- _About this exercise_: Reproduce every record precisely, leaving no line out.

- _Records from a dataset_:
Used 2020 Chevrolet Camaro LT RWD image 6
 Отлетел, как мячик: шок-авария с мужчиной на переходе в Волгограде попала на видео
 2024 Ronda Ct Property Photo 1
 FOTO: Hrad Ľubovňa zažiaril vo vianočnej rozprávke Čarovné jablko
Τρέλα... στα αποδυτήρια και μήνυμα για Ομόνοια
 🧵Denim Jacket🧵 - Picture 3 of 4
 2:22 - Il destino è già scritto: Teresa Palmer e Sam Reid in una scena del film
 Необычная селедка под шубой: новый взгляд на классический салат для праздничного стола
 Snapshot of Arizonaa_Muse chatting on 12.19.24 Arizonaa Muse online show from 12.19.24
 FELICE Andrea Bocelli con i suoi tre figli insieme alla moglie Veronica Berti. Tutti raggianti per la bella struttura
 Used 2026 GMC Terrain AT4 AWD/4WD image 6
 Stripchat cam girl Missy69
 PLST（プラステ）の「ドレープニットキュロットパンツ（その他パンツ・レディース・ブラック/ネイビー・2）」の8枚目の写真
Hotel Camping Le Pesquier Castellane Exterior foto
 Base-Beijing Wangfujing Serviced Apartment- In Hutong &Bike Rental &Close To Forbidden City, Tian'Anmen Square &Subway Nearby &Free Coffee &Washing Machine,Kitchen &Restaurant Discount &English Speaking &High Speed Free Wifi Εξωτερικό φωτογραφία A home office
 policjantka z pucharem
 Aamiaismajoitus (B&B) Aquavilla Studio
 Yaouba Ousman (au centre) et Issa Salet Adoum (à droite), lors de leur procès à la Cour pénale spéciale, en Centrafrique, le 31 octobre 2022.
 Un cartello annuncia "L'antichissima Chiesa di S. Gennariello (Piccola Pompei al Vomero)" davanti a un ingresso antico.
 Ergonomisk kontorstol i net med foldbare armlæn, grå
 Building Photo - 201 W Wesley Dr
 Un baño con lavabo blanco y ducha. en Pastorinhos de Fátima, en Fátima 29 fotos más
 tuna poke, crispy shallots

- _Written answer_:
Used 2020 Chevrolet Camaro LT RWD image 6
 Отлетел, как мячик: шок-авария с мужчиной на переходе в Волгограде попала на видео
 2024 Ronda Ct Property Photo 1
 FOTO: Hrad Ľubovňa zažiaril vo vianočnej rozprávke Čarovné jablko
Τρέλα... στα αποδυτήρια και μήνυμα για Ομόνοια
 🧵Denim Jacket🧵 - Picture 3 of 4
 2:22 - Il destino è già scritto: Teresa Palmer e Sam Reid in una scena del film
 Необычная селедка под шубой: новый взгляд на классический салат для праздничного стола
 Snapshot of Arizonaa_Muse chatting on 12.19.24 Arizonaa Muse online show from 12.19.24
 FELICE Andrea Bocelli con i suoi tre figli insieme alla moglie Veronica Berti. Tutti raggianti per la bella struttura
 Used 2026 GMC Terrain AT4 AWD/4WD image 6
 Stripchat cam girl Missy69
 PLST（プラステ）の「ドレープニットキュロットパンツ（その他パンツ・レディース・ブラック/ネイビー・2）」の8枚目の写真
Hotel Camping Le Pesquier Castellane Exterior foto
 Base-Beijing Wangfujing Serviced Apartment- In Hutong &Bike Rental &Close To Forbidden City, Tian'Anmen Square &Subway Nearby &Free Coffee &Washing Machine,Kitchen &Restaurant Discount &English Speaking &High Speed Free Wifi Εξωτερικό φωτογραφία A home office
 policjantka z pucharem
 Aamiaismajoitus (B&B) Aquavilla Studio
 Yaouba Ousman (au centre) et Issa Salet Adoum (à droite), lors de leur procès à la Cour pénale spéciale, en Centrafrique, le 31 octobre 2022.
 Un cartello annuncia "L'antichissima Chiesa di S. Gennariello (Piccola Pompei al Vomero)" davanti a un ingresso antico.
 Ergonomisk kontorstol i net med foldbare armlæn, grå
 Building Photo - 201 W Wesley Dr
 Un baño con lavabo blanco y ducha. en Pastorinhos de Fátima, en Fátima 29 fotos más
 tuna poke, crispy shallots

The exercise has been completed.